§ **Data block**
════════════════
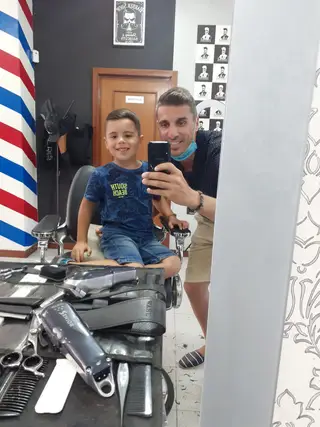 Numa foto recente depois de ir ao barbeiro com o filho Tiago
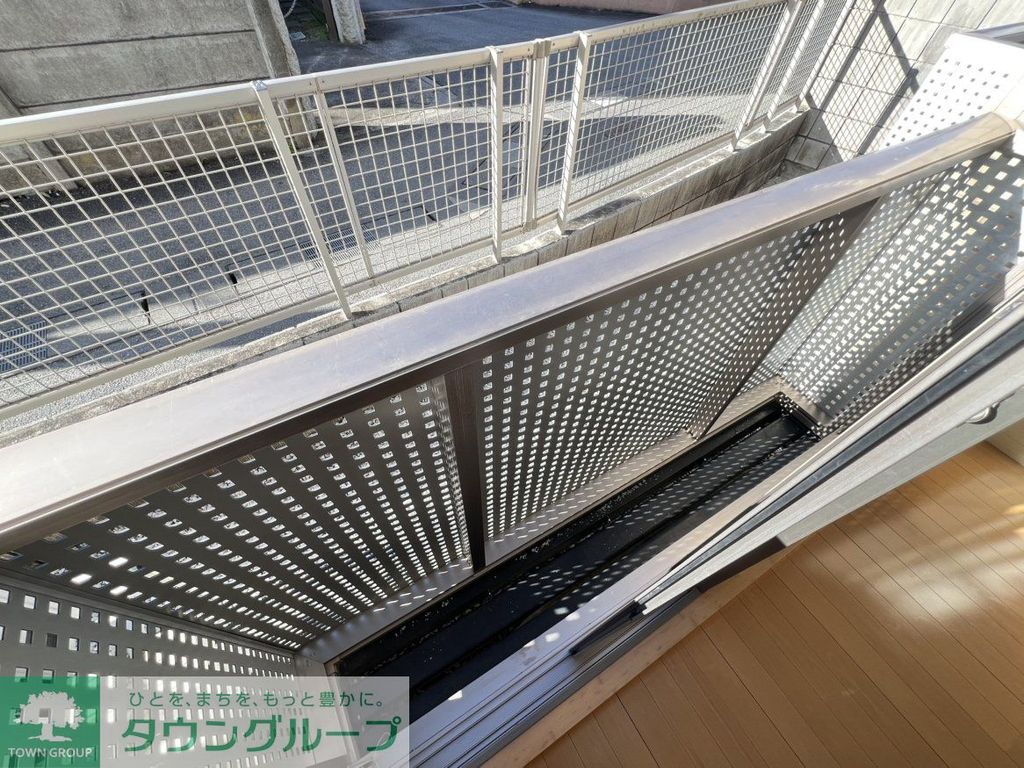 バルコニー　バルコニー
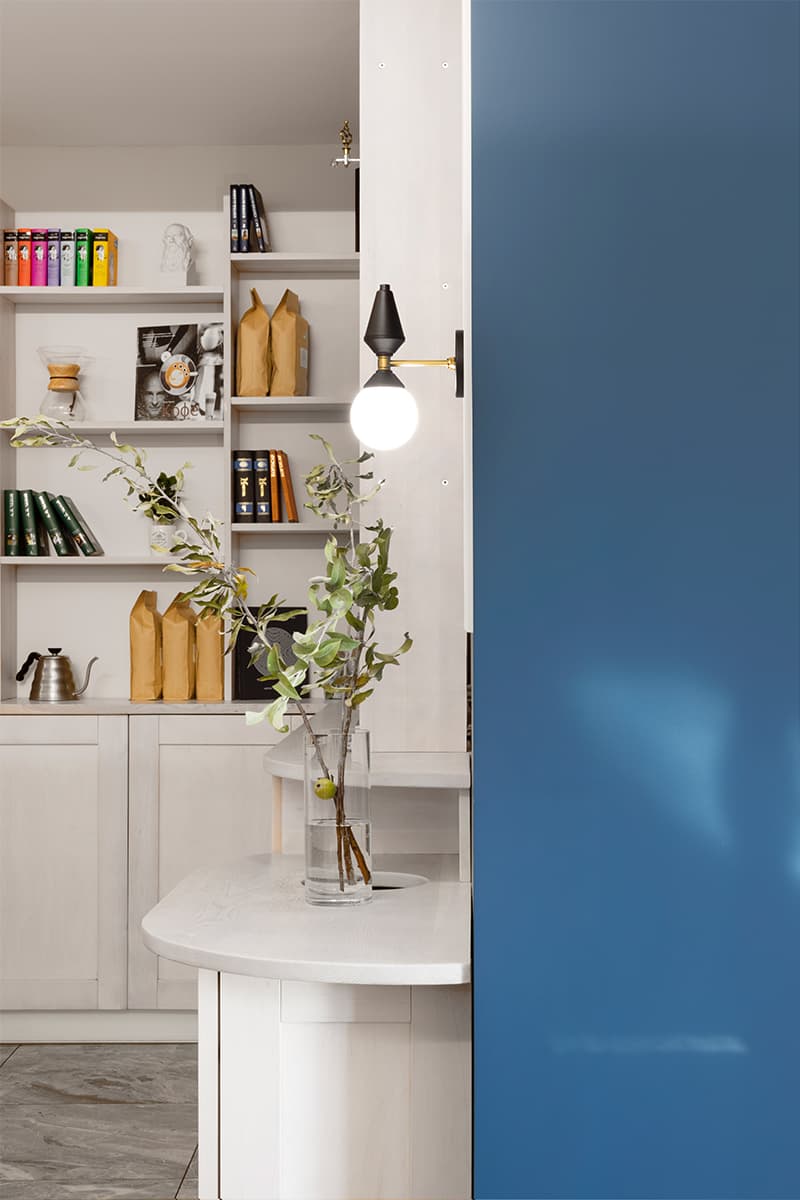 Молдинги, колонны и зеркала в оформлении минской кофейни – проект Наталии Эпштейн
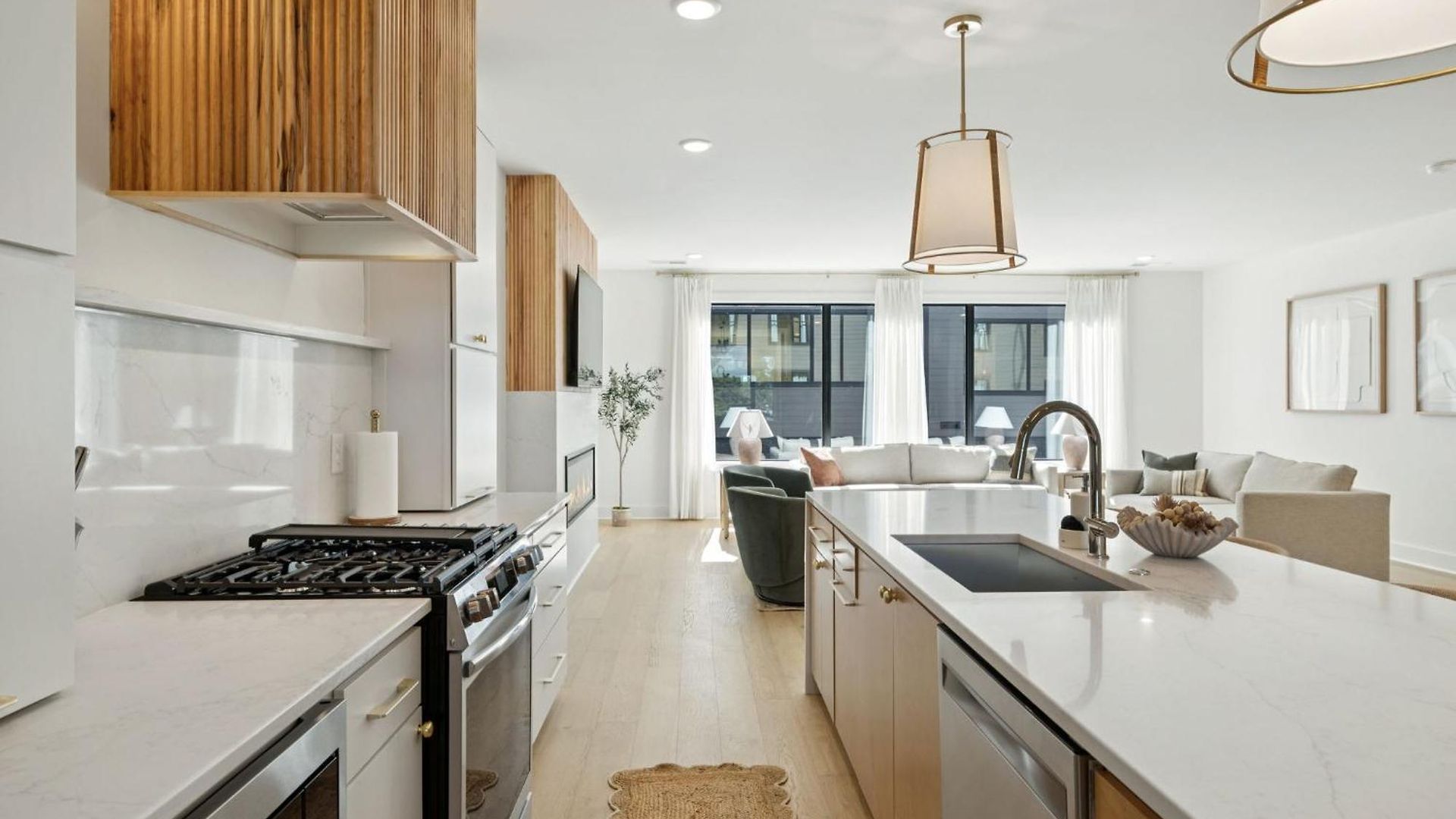 Getaway Rooftop Views & Modern Comfort *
════════════════
§ **Your assignment**
Exactly as written, give again every line from the one containing "バルコニー　バルコニー" through the last line of the material, both included, with the pictures left out.

§ **Response box**
 バルコニー　バルコニー
 Молдинги, колонны и зеркала в оформлении минской кофейни – проект Наталии Эпштейн
 Getaway Rooftop Views & Modern Comfort *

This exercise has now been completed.